Premierminister Narendra Modi und die indische Regierung positionieren sich als Sprachrohr des Globalen Südens.

Das bevölkerungsreichste Land der Erde beansprucht zunehmend seinen Platz in der sich neu auslotenden globalen Ordnung. Indien versteht sich nicht nur als Stimme des Südens, mit globaler Sichtbarkeit in Afrika, dem Pazifik oder der Karibik, als kommende wirtschaftliche Großmacht („Zehn-Billionen-Dollar-Ökonomie“), sondern auch als zentraler Akteur in einer multipolaren Welt und einem klaren Anspruch, in allen globalen Institutionen entsprechend repräsentiert zu sein – vom UN-Sicherheitsrat bis hin zu nicht-westlichen Bündnissen wie BRICS. Es agiert nicht blockfrei, sondern multi-vektoral, basierend auf klaren Zielen: der Erhalt der regelbasierten Ordnung, von der man so lange profitiert hat und immer noch profitiert, der angemessenen Repräsentation in ihren Institutionen, die Vermeidung eines Konflikts zwischen Großmächten sowie dem innerstaatlichen Wachstumsimperativ und die Durchsetzung nationaler Interessen. Indien befindet sich in zunehmender strategischer Konvergenz mit dem Westen und im Konflikt mit China. Dabei befindet sich Indien ähnlich wie Deutschland in einer ökonomischen Abhängigkeit zu China und sieht sich ähnlichen Herausforderungen gegenüber. In The Indian Way beschreibt der vorgenannte indische Außenminister sein Land zunehmend als Influencer – und nicht mehr als influenced.

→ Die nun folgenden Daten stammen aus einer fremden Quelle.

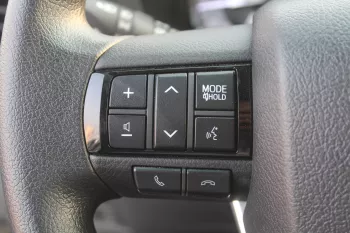 Toyota Hilux 2.7L Petrol 4wd 2023 white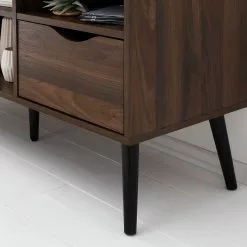 Mørteens TV-Lowboard Gjora I - Gummibaum teilmassiv - Walnuss -Kommoden Verkäufe 2023 1000123441 190321 17262500011 GALLERYIMAGES P000000001000123441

Diesen Einfluss wird Indien in sämtlichen internationalen Foren geltend machen. Auch wenn der jeweilige Rahmen hierfür manchmal nicht ausreicht. Das heißt im Umkehrschluss nicht, dass die BRICS als Forum ausgedient haben. Auch weiterhin wird Indien diesen Rahmen nutzen, um die eigenen Themen und die eigene Agenda in einem nicht-westlichen Rahmen anzustoßen und voranzutreiben. Doch für Indien sind die BRICS eben nur noch ein Schauplatz unter vielen: der indische Doppelvorsitz (neben der BRICS steht Indien 2023 auch der Shanghai Cooperation Organization vor) wurde für aktive indische Interessenspolitik genutzt und so ist der BRICS-Gipfel auch nur noch ein Gipfel unter vielen. 

In Deutschland und Europa sollte man die indischen Ambitionen wahrnehmen, respektieren und unterstützen. Denn: Um den regelbasierten Multilateralismus zu erhalten, brauchen wir Indien als strategischen Partner. Die Zeichen hierfür stehen derzeit gut.